Este é o Natal do cuidado!. Cuidar das coisas de Deus, de nós mesmos e dos filhos seus. Cuidado com a criatura, que ora necessita de uma atenção especial. Cuidar daquele e daquela que mais necessita. Este é o nosso desafio neste “Natal anormal”. Cuidado este, que requer um olhar mais atento e diferenciado para com aqueles que estão à nossa volta. Que não sejamos indiferentes, como aqueles os quais nos alerta Leonardo Boff: “O que se opõe ao descuido e ao descaso é o cuidado. Cuidar é mais que um ato; é uma atitude. Portanto, abrange mais que um momento de atenção. Representa uma atitude de ocupação, preocupação, de responsabilização e de envolvimento afetivo com o outro”.

Há um “mundo” lá fora, que precisa ser olhado com carinho. Uma realidade não muito distante de nós, que requer o nosso cuidado.

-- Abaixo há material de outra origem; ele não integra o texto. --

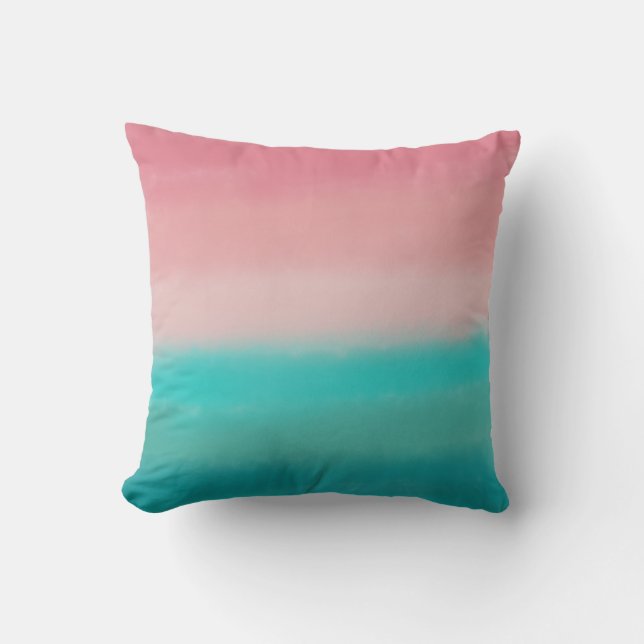 Coral Teal Watercolor Throw Pillow (Front)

Lembrando que “o cuidado entra na natureza e na constituição do ser humano. Sem o cuidado, ele deixa de ser humano. Se não receber cuidado desde o nascimento até a morte, o ser humano desestrutura-se, definha, perde sentido e morre. Se, ao largo da vida, não fizer com cuidado tudo que empreender, acabará por prejudicar a si mesmo e por destruir o que estiver a sua volta. O cuidado deve ser entendido na linha da essência humana”. (Saber Cuidar – Ética do Humano Compaixão pela Terra – Leonardo Boff)

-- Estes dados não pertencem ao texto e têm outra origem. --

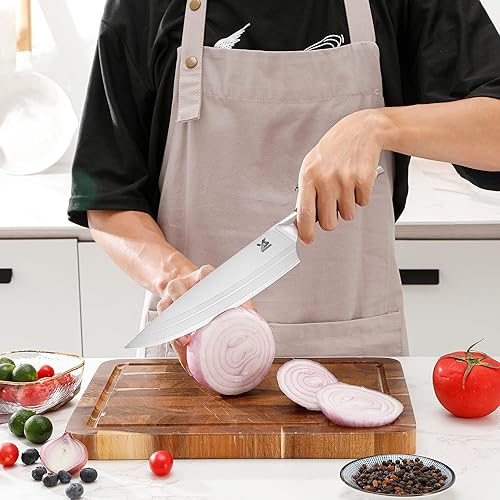 Miniatura 6 de MSY BIGSUNNY - Juego de 9 piezas de cuchillos de cocina con bloque, juego de cuchillos de acero alemán con picador de huesos, mango de madera de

Natal é uma festa tradicional que realizamos a cada ano entre nós. Esperamos ansiosamente por ela. Oportunidade em que a família se reúne, confraterniza entre os seus membros. Momento de reencontro entre as pessoas. Quiçá seja este o momento especial para conhecermos um pouco mais, acerca da missão de Jesus entre nós desde os seus primórdios. Se nos julgamos seguidores d’ELE, precisamos afinar o nosso discurso e a nossa prática com a missão que ELE veio dar cabo entre nós. Nada melhor do que conhecer esta realidade a partir daquilo que está escrito na narrativa bíblica. “O Espírito do Senhor está sobre mim, porque ELE me ungiu para evangelizar os pobres; enviou-me para proclamar a remissão aos presos e aos cegos a recuperação da vista, para restituir a liberdade aos oprimidos e para proclamar um ano de graça do Senhor.” (LC 4, 18-19)

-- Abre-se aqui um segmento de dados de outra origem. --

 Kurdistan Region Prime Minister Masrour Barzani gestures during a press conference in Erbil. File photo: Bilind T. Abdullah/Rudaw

Este é o espírito que devemos ter diante desta festa tão importante para nós. Jesus vem para proclamar a Boa Notícia da libertação. Os destinatários desta Boa Nova, são os pobres, porque eles estão abertos à fraternidade e à partilha. Para que a libertação se torne uma realidade palpável, devemos buscar a justiça nas relações entre as pessoas. O triunfo da justiça põe por terra as explorações que existem entre nós. Celebrar o natal é estar disposto a lutar pela justiça. Nesta perspectiva, faz sentido a frase dita por Francisco: “O que os pobres precisam não é de caridade, mas de justiça”.

O Natal do cuidado! O outro não pode ser um estranho para mim. Na perspectiva de Deus, somos todos irmãos e pertencentes a grande família de Deus. Cuidar do outro, é antes de tudo, perceber quem sou eu. É através do outro, que comigo habita o mundo, que vejo refletida a imagem de meu eu. O outro não pode ser o inferno para mim, como afirmava o filosofo Frances, Jean Paul Sartre. O outro é meu irmão, minha irmã, carente e necessitado, que precisa ser cuidado por mim. Cuidar do outro, é cuidar de mim! Cuidar do outro e cuidar de mim, é ser cuidado por Deus! Feliz Natal do cuidado!